Short text fragments from websites:
=== Section Start ===

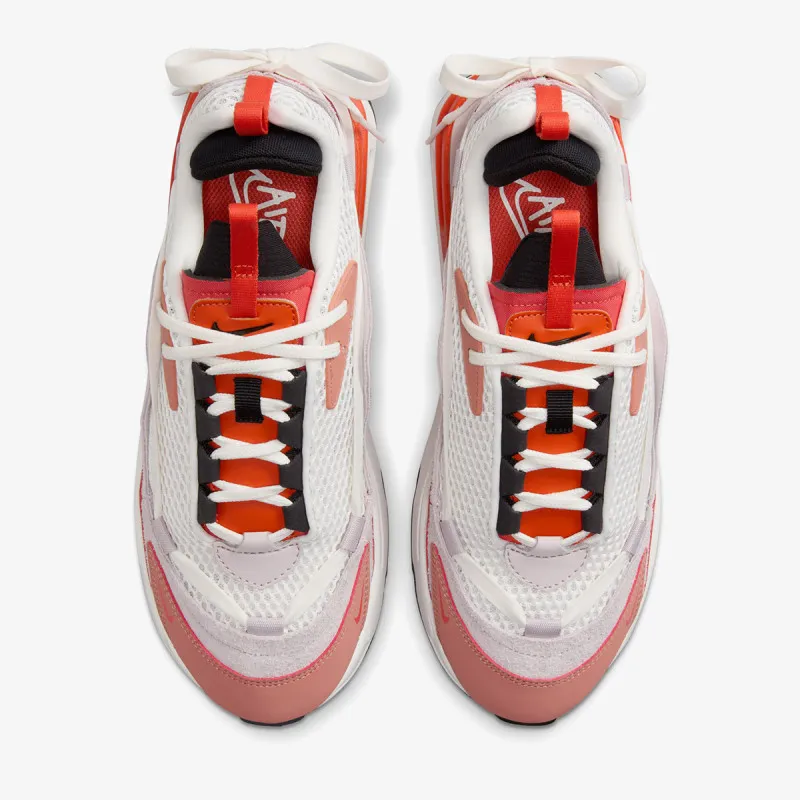 Nike W AIR MAX FURYOSA NRG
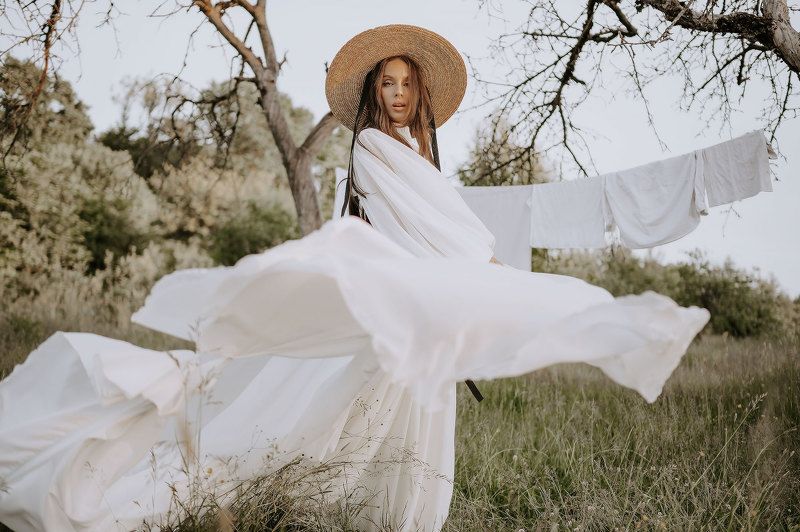 . фото превью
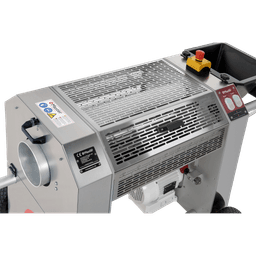MasterProducts Peeler Tumbler MT 500 (3)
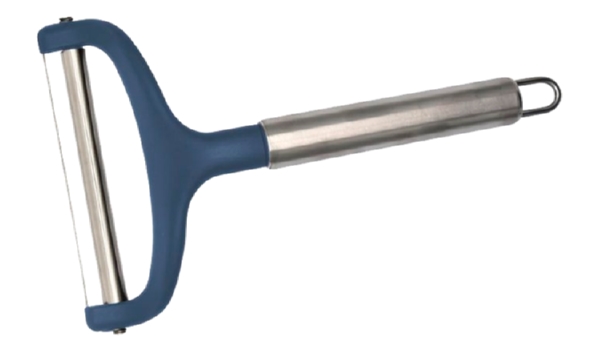 Сырорезка ФАКЕЛЬМАНН 18.5см арт.670460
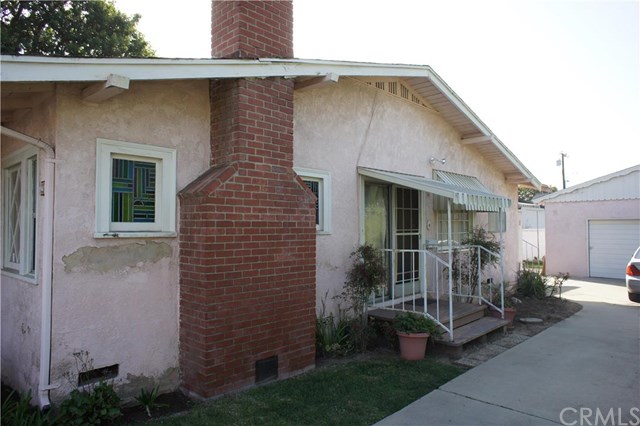 2348 West 230th Street West, Torrance, CA 90501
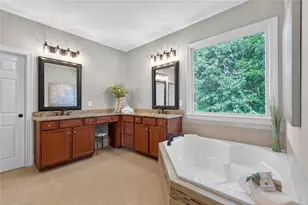 4795 Westgate Dr, Cumming, GA 30040 - Photo 10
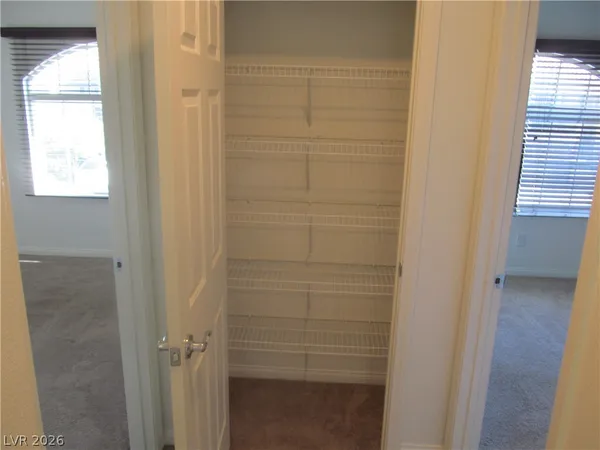 $2,450 | 5930 Crown Palms Avenue, Las Vegas, NV 89139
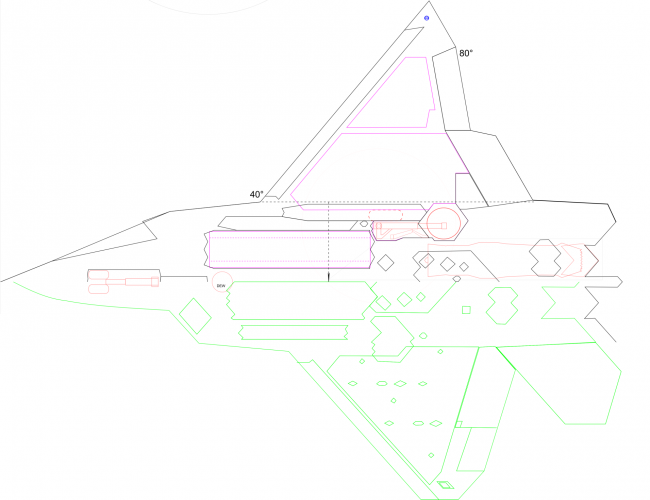 FA-XX-2025-F22-botton-halves.png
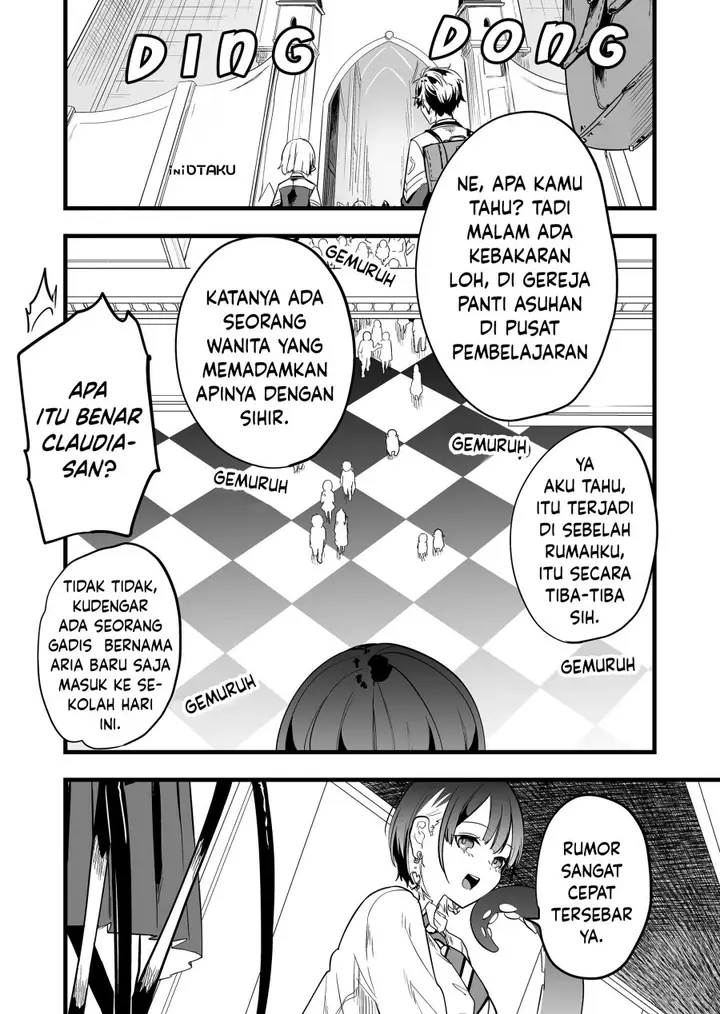 image-komik-ano-toki-tasukete-itadaita-monster-musume-desu-chapter-6-13/22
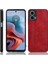 Motorola G34 Telefon Kılıfı (Yurt Dışından) 1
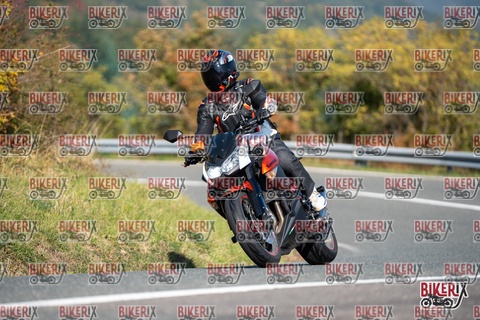 Passo della Futa E 11-10-25 h11-44 0380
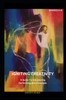Igniting Creativity: A Guide To Introducing Performing Arts Concepts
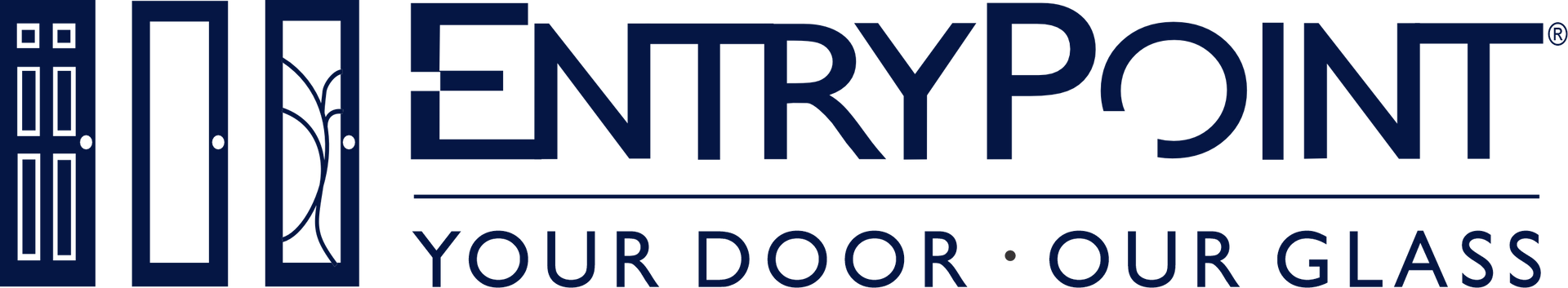 EntryPoint By Perry's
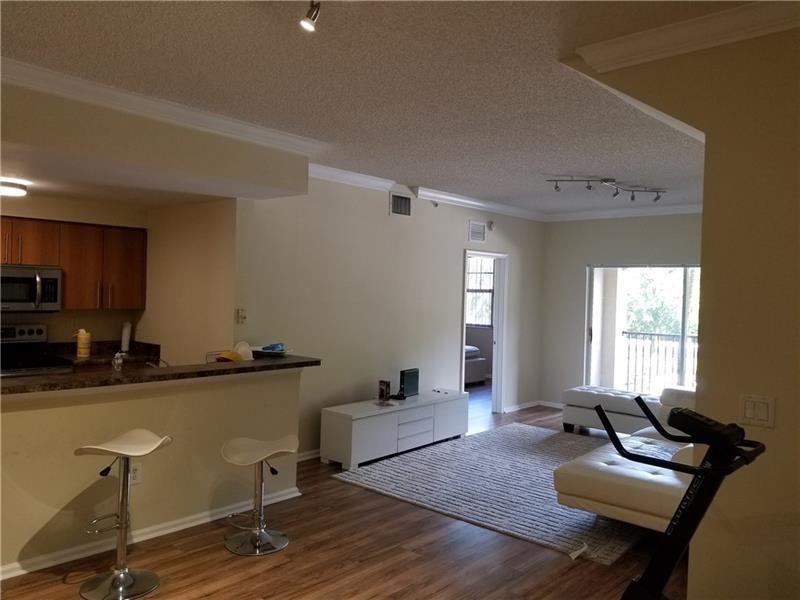 5860 West Sample Road, Unit 202 Coral Springs, FL 33067 - Photo 3 of 20 Photo 3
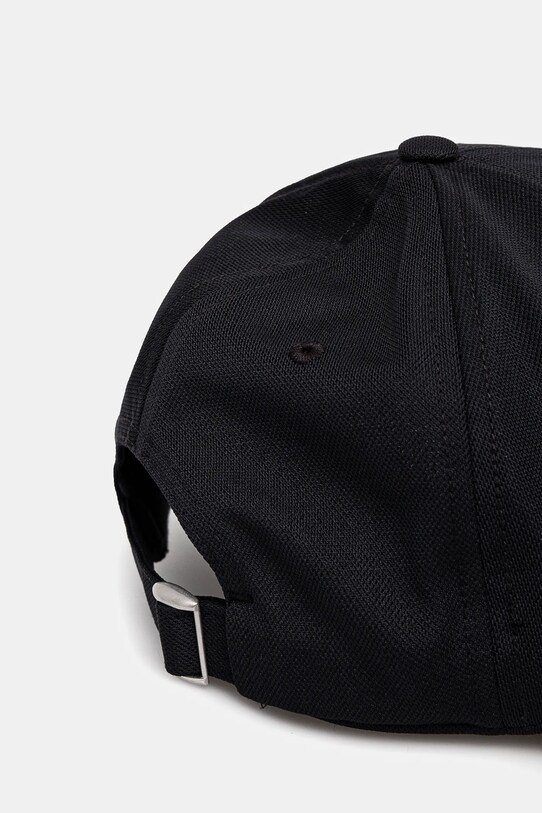 Accesorii Under Armour sapca Blitzing 1376701 negru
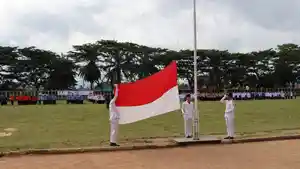Hari-lahir-Pancasila-polres-padangsidimpuan-lalaqpa.jpg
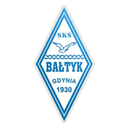 Bałtyk Gdynia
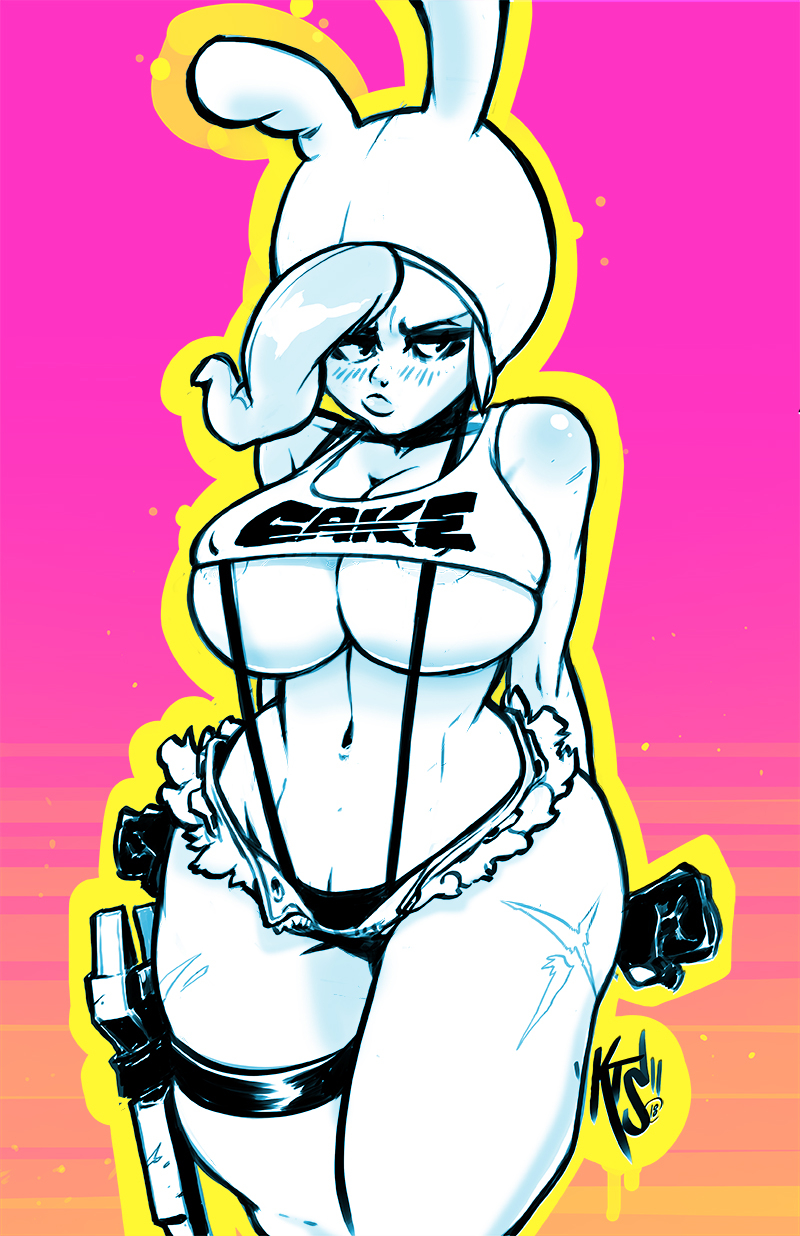 fionna-the-human-girl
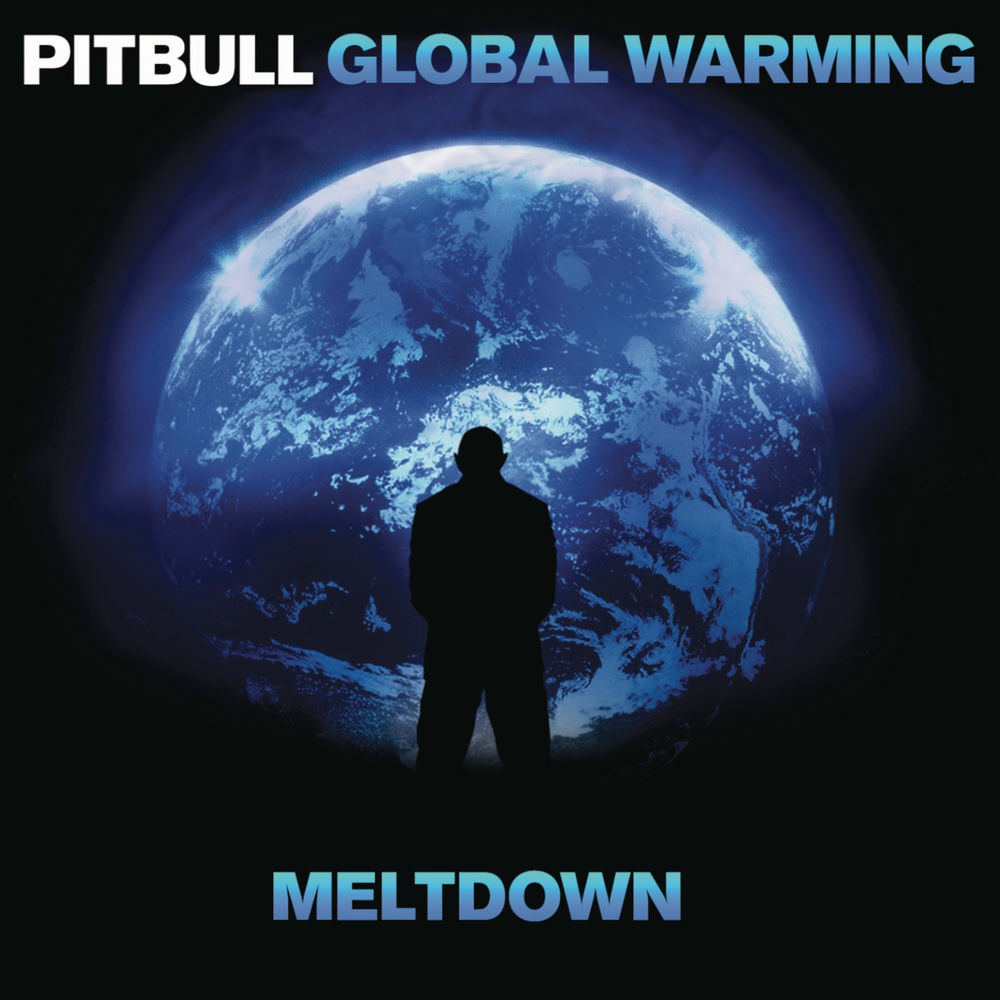 All The Things album art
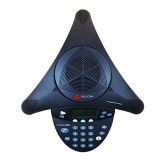 寶利通 音頻會(huì)議系統(tǒng)電話(huà)機(jī)SonudStation 2W標(biāo)準(zhǔn)型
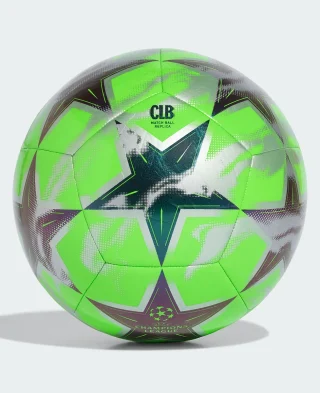 Alternative view of Adidas Lopta nogometna UEFA Champions League 26/27 Club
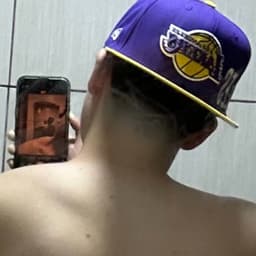 S3phen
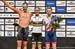 Jan Willem van Schip, Cameron Meyer, Mark Stewart 		CREDITS:  		TITLE: 2018 Track World Championships, Apeldoorn NED 		COPYRIGHT: Rob Jones/www.canadiancyclist.com 2018 -copyright -All rights retained - no use permitted without prior; written permission
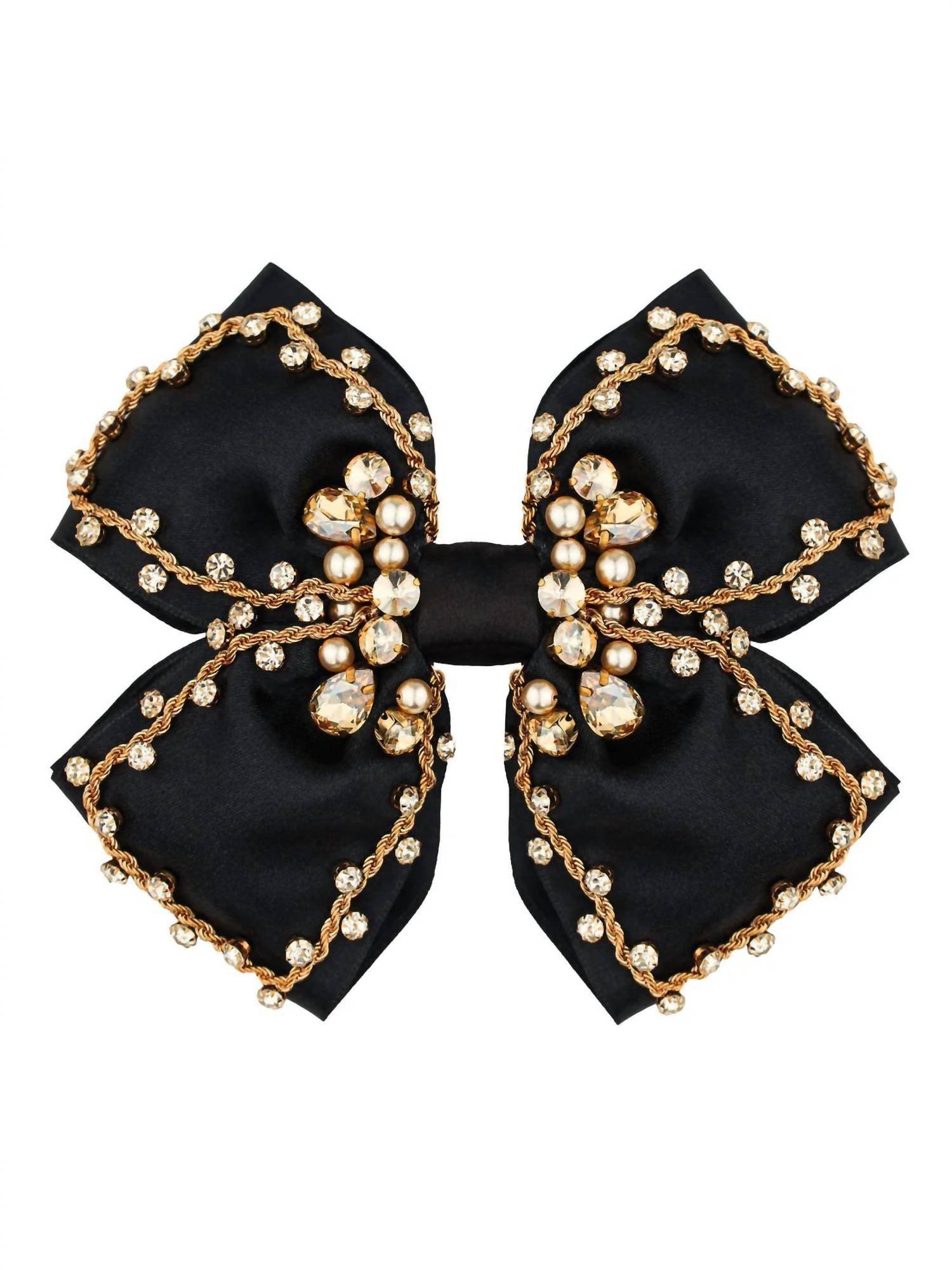 Elena Honch - Women's Elijah Bow - Rack Hunt -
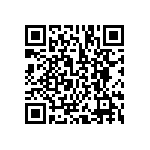 BCS-130-L-D-PE-038 QRCode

=== Section End ===

# Exercise goal:
Every entry above needs to be duplicated exactly, without its images.

# Task result:
 Nike W AIR MAX FURYOSA NRG
 . фото превью
MasterProducts Peeler Tumbler MT 500 (3)
 Сырорезка ФАКЕЛЬМАНН 18.5см арт.670460
 2348 West 230th Street West, Torrance, CA 90501
 4795 Westgate Dr, Cumming, GA 30040 - Photo 10
 $2,450 | 5930 Crown Palms Avenue, Las Vegas, NV 89139
 FA-XX-2025-F22-botton-halves.png
 image-komik-ano-toki-tasukete-itadaita-monster-musume-desu-chapter-6-13/22
 Motorola G34 Telefon Kılıfı (Yurt Dışından) 1
 Passo della Futa E 11-10-25 h11-44 0380
Igniting Creativity: A Guide To Introducing Performing Arts Concepts
 EntryPoint By Perry's
 5860 West Sample Road, Unit 202 Coral Springs, FL 33067 - Photo 3 of 20 Photo 3
 Accesorii Under Armour sapca Blitzing 1376701 negru
Hari-lahir-Pancasila-polres-padangsidimpuan-lalaqpa.jpg
 Bałtyk Gdynia
 fionna-the-human-girl
 All The Things album art
 寶利通 音頻會(huì)議系統(tǒng)電話(huà)機(jī)SonudStation 2W標(biāo)準(zhǔn)型
 Alternative view of Adidas Lopta nogometna UEFA Champions League 26/27 Club
 S3phen
 Jan Willem van Schip, Cameron Meyer, Mark Stewart 		CREDITS:  		TITLE: 2018 Track World Championships, Apeldoorn NED 		COPYRIGHT: Rob Jones/www.canadiancyclist.com 2018 -copyright -All rights retained - no use permitted without prior; written permission
 Elena Honch - Women's Elijah Bow - Rack Hunt -
 BCS-130-L-D-PE-038 QRCode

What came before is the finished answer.